From The Telegraph:
Bernard Cazeneuve’s statement might have appeared smugly oracular, or perhaps just irritatingly French. Responding to national outrage over the killing of a blameless, elderly priest at his altar, France’s interior minister observed, “We can’t step back from the rule of law to protect the rule of law.”
What a strange moment, you might think, to become opaquely philosophical. The official statements from Francois Hollande’s government seemed to occupy a grand metaphysical plane in which the principles of liberty were more relevant matters for debate than the startling failures of the security and criminal justice systems which had allowed this grotesque murder to take place.
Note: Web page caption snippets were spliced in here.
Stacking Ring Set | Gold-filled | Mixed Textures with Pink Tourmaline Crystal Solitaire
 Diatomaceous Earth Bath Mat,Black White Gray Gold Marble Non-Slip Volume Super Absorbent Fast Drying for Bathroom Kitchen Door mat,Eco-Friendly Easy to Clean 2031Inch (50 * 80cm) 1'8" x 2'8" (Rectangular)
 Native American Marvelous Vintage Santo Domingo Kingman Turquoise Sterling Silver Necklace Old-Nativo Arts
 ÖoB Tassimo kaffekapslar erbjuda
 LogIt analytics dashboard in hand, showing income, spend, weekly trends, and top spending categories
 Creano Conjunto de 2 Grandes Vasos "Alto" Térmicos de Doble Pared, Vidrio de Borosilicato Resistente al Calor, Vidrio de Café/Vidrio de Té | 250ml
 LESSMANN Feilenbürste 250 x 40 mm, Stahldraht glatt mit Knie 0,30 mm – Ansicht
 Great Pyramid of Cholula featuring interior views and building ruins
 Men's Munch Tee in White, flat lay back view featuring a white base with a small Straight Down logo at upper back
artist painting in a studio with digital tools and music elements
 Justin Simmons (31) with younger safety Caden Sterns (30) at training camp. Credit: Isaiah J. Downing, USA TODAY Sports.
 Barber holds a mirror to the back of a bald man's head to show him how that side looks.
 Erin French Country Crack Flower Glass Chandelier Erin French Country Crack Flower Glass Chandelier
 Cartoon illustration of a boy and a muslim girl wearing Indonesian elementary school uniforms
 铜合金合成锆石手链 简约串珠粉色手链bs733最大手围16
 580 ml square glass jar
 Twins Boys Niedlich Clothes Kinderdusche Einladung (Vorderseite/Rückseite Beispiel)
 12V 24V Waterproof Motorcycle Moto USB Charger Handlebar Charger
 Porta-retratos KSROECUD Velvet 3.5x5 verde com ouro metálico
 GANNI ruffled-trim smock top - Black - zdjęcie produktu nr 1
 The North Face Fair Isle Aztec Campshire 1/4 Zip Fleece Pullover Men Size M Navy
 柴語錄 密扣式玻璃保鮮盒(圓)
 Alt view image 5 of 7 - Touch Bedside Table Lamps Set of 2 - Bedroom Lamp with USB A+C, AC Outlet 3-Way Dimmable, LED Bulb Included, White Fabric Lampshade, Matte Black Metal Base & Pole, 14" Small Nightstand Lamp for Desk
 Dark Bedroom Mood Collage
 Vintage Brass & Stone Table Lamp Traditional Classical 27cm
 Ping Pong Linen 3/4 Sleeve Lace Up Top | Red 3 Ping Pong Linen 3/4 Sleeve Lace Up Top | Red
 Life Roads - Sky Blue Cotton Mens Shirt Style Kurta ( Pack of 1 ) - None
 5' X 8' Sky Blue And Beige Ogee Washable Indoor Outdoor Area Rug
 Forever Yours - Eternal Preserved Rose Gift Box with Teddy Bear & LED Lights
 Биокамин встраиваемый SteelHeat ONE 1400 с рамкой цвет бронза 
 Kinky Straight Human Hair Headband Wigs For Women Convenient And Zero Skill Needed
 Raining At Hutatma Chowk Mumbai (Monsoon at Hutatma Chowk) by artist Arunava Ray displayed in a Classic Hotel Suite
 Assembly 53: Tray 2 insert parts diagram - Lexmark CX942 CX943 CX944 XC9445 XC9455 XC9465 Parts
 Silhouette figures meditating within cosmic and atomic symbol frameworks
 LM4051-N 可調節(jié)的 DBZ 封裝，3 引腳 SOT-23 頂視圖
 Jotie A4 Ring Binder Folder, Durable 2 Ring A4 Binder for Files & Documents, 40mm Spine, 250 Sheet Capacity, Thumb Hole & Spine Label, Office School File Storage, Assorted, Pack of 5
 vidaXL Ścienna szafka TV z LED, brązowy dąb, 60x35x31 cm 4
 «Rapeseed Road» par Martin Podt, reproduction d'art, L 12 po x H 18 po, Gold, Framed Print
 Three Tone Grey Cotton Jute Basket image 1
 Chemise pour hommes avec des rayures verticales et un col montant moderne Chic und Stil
To British ears particularly, the public utterances of the French president and his officials seemed bizarrely out of focus with the actual bloody event. Even to the French, the idea that the gratuitous killing in Rouen should be met with high-flown rhetoric about democratic ideals began to seem absurd, especially when more and more details were revealed about the legal oddities. Both the attackers were well-known to French intelligence. One, Adel Kermiche, was thought dangerous enough to be electronically tagged, but his surveillance was mystifyingly switched off in the mornings, allowing him to move freely wherever he chose. The other, Abdel Malik P, had somehow been lost in the system even though he was known to be an active threat. As the picture of shambolic incompetence on the ground became clearer, the determination of the government pronouncements to remain stratospherically abstract got stronger. How futile and ridiculous it seemed.
Actually, I never thought that the Imperial Core Worlds ever were this incompetent. But realistically, observing their wealth, isolation from any possible threat, and their view on family life as per GURPS Traveller: Nobles, I probably have my rose-coloured glassed fixed firmly on my head…
Anyways, the article proper notes that Europeans are in a state of war, but dissolves in a muddle when it comes to identifying and facing the internal enemy.
Before I go on, let me just quickly point out that the entire level of casualties of this “war” – not even a thousand, yet – would be hardly more than a few days work (…or a few hours…) in a real, no-nonsense European War like World War I and World War II.
But then again, even until the 1950s, Europe could be reasonably called Christian in some vague-but-real sense of the term. Such a culture simply would not permit the immigration of several million resentful Muslims into their nations… but that culture has been dead for quite a while now.
So instead, we get this appended to the article:
At a glance | What to do in a terror attack
British counter-terror officials issued the following advice on how to behave in a gun or bomb attack:
- Escape if you can
- Consider the safest options
- Is there a safe route? Run, if not hide
- Can you get there without exposing yourself to greater danger?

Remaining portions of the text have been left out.